Page:Tourgueniev, Terres Vierges, ed. Hetzel.djvu/327

La bibliothèque libre.
Cette page n’a pas encore été corrigée


Le gouverneur regarda longuement Sipiaguine, pensa avec admiration : « Quel homme ! » et donna un ordre. Une minute après, le serviteur de Dieu[1], Sila Pakline, apparaissait en sa présence.

Sila Pakline allait s’incliner très-bas devant le gouverneur ; mais, en apercevant Markelof, il n’acheva pas son salut et resta à demi courbé, en tortillant sa casquette dans ses mains.

Markelof jeta sur lui un regard distrait et ne le reconnut probablement pas, car il se replongea dans ses pensées.

« C’est ça… le rameau ? demanda le gouverneur en allongeant vers Pakline son doigt fin et blanc, orné d’une turquoise.

— Oh non ! répondit Sipiaguine en riant un peu. Pourtant… ajouta-t-il après réflexion. Votre Excellence, reprit-il à haute voix, vous avez devant vous un certain M. Pakline. Autant que je puis le savoir, il habite Pétersbourg, et il est l’ami intime d’un certain personnage qui a rempli chez moi l’office de professeur, et qui s’est enfui de ma maison en emmenant avec lui, —je le redis avec la rougeur au front, — une jeune fille, ma parente.

— Ah ! oui, oui, marmotta le gouverneur en hochant la tête. J’ai entendu parler de cela chez la comtesse… »
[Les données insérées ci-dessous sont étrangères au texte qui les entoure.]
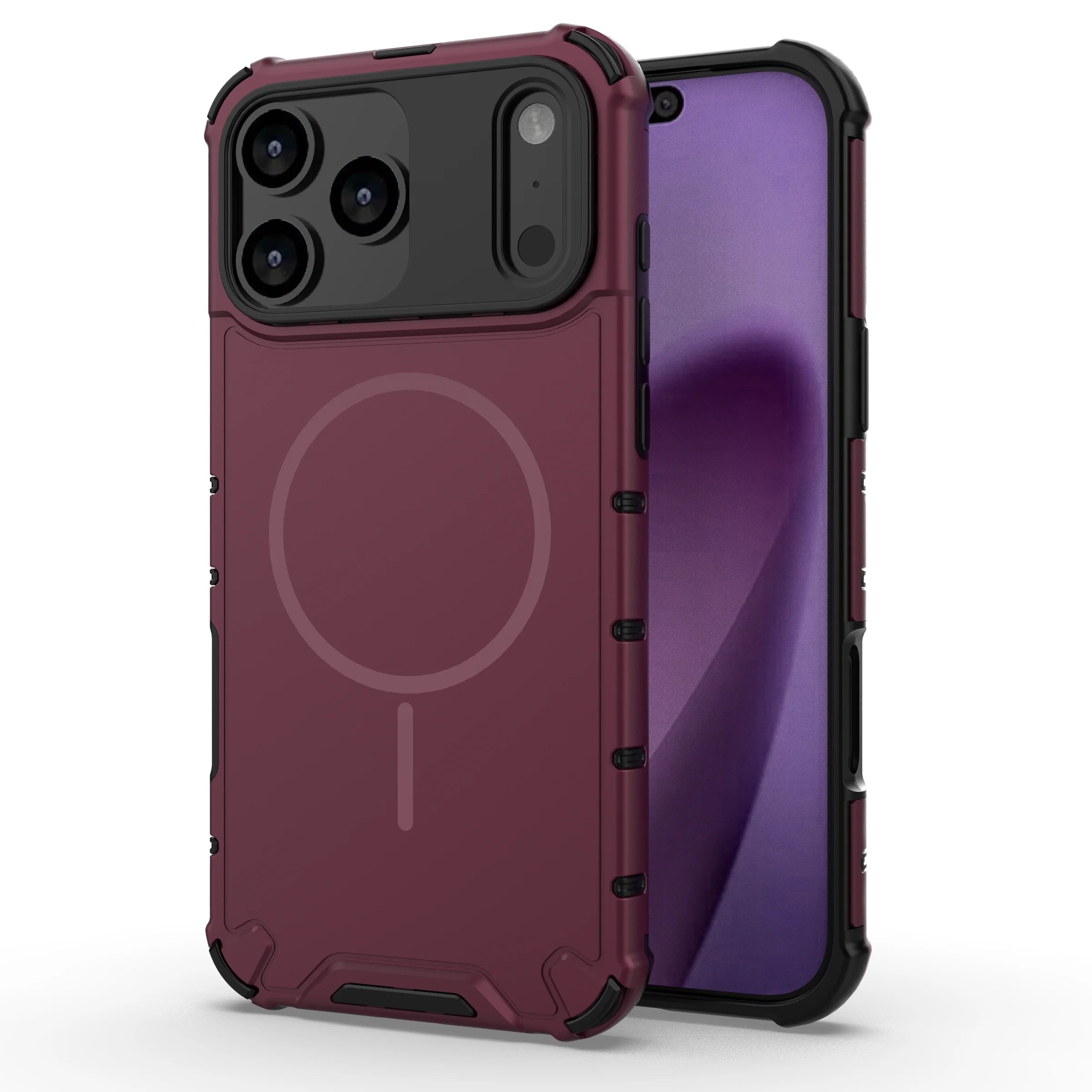 Rugged MagSafe Armor Case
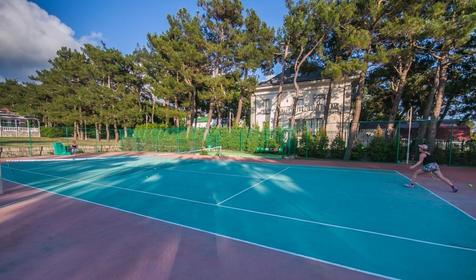 Пансионат отдыха Кавказ, Геленджик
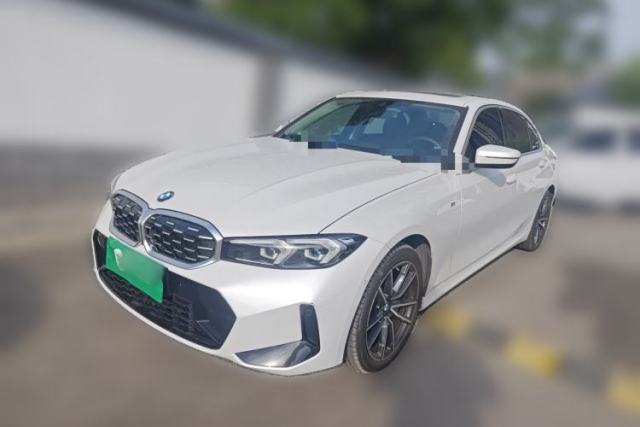 Used BMW 3 Series 2024 325Li M Sport Package
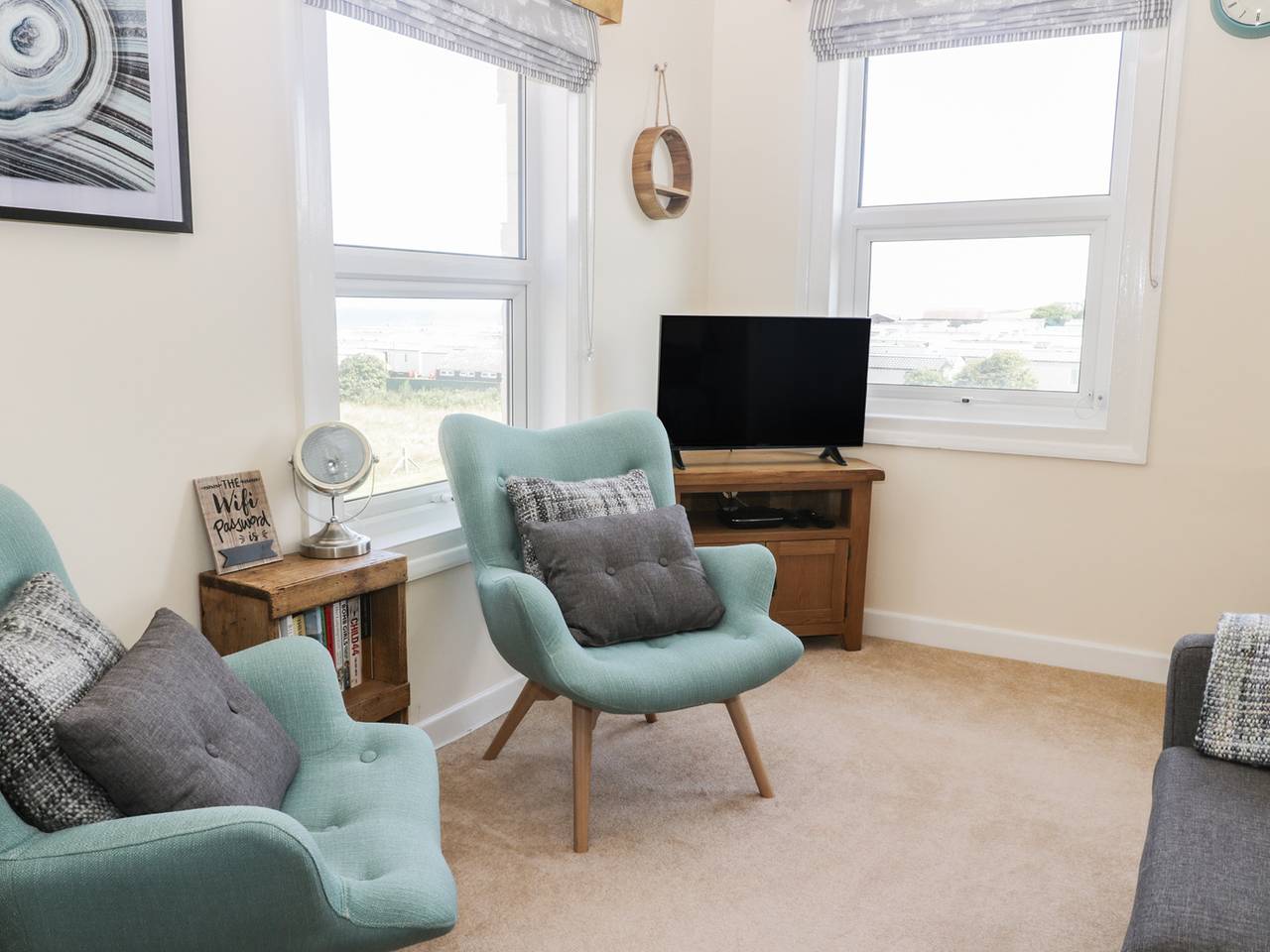 Entire apartment, Oak  Lodge in Runton, Norfolk Coast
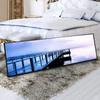 Pintura Decorativa Moderna Minimalista para Mesita de Noche, Dormitorio, Sala de Estar, Mural para Restaurante, Pintura Colgante Atmosférica Estilo Escandinavo para Fondo de Sofá
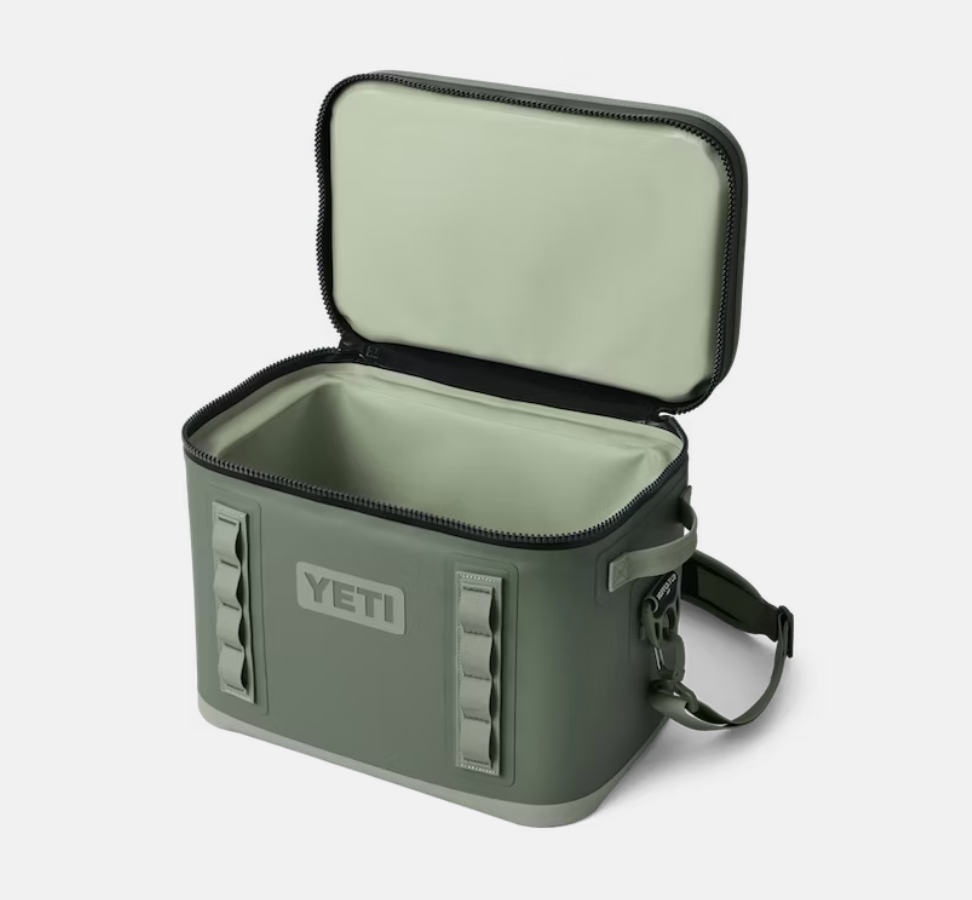 yeti cooler bag 18 YETI Hopper Flip 18 Soft Cooler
Sipiaguine éleva la voix. « Le personnage dont je viens de parler est un certain M. Néjdanof, fortement soupçonné par moi d’idées et de théories perverses…

— « Un rouge à tous crins ! » ajouta Kalloméïtsef.

— … D’idées et de théories perverses, répéta Sipiaguine encore plus nettement ; il est certainement mêlé à toute cette propagande, et il se trouve… il se cache, m’a dit M. Pakline, dans la fabrique du marchand Faléïef. »

  1. Phrase officielle, consacrée dans des cas pareils.